1911 Encyclopædia Britannica/Paine, Robert Treat

20813721911 Encyclopædia Britannica, Volume 20 — Paine, Robert Treat

PAINE, ROBERT TREAT (1731–1814), American politician, a signer of the Declaration of Independence, was born in Boston, Massachusetts, on the nth of March 1731. He graduated at Harvard in 1749, and was admitted to the bar in 1759. In 1768 he was a delegate to the provincial convention which was called to meet in Boston, and conducted the prosecution of Captain Thomas Preston and his men for their share in the famous “Boston Massacre” of the 5th of March 1770., He served in the Massachusetts General Court in 1773–1774, in the Provincial Congress in 1774–1775, and in the Continental Congress in 1774–1778, and was speaker of the Massachusetts House of Representatives in 1777, a member of the executive council in 1779, a member of the committee which drafted the constitution of 1780, attorney-general of the state from 1777 to 1790, and a judge of the state supreme court from 1790 to 1804. He died in Boston on the nth of May 1814.

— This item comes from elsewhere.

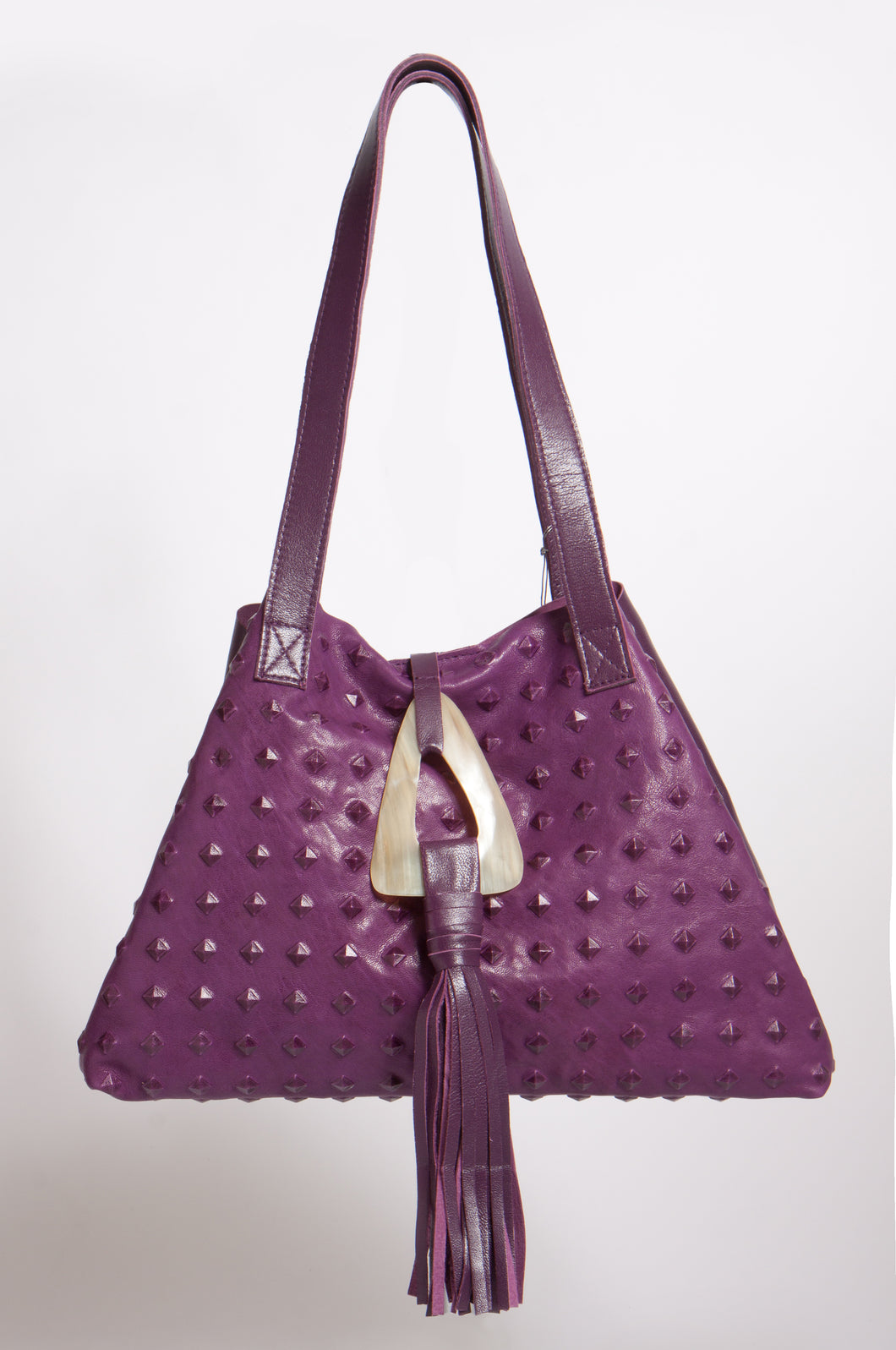 <b>Stacie</b><br> <p><font size=“3px”> Purple Pyramid Tote With Horn Tassel</font></p>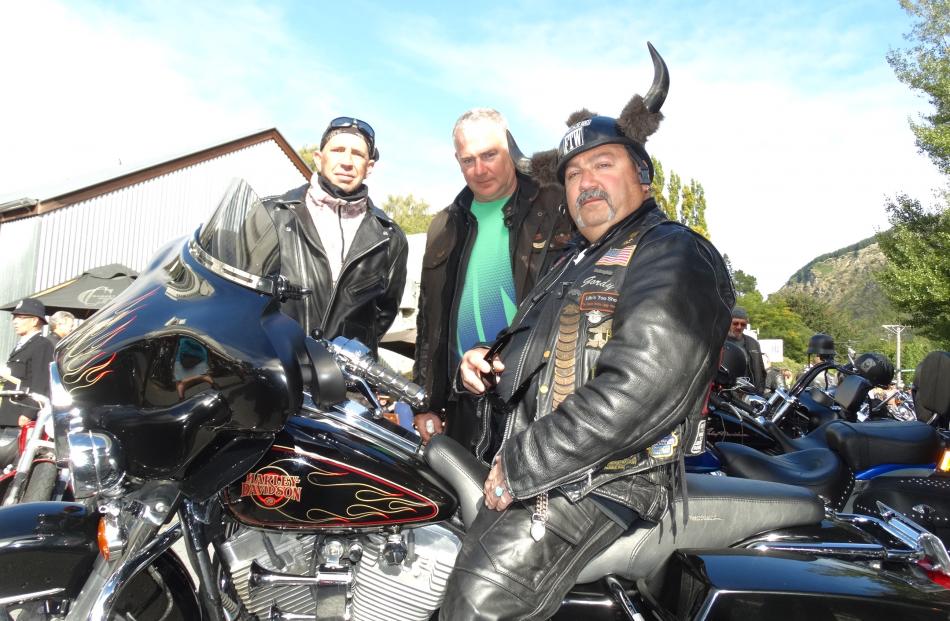 Bronx Gordo, of the US, on his Harley-Davidson 2000 Electroglide, with Shawn Stapleton (left), of...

See John Sanderson, Biography of the Signers of the Declaration of Independence (Philadelphia, 1823), vol. ii.

His son, Robert Treat Paine (1773–1811), who was christened Thomas but in 1801 took the name of his father and of an elder brother who died without issue in 1794, was a poet of some repute, but his verses have long been forgotten. His best known productions are Adams and Liberty, a once popular song written in 1798, The Invention of Letters (1795), and The Ruling Passion, the Harvard Phi Beta Kappa poem of 1797.

His Works in Verse and Prose (Boston, 1812) contains a biographical sketch.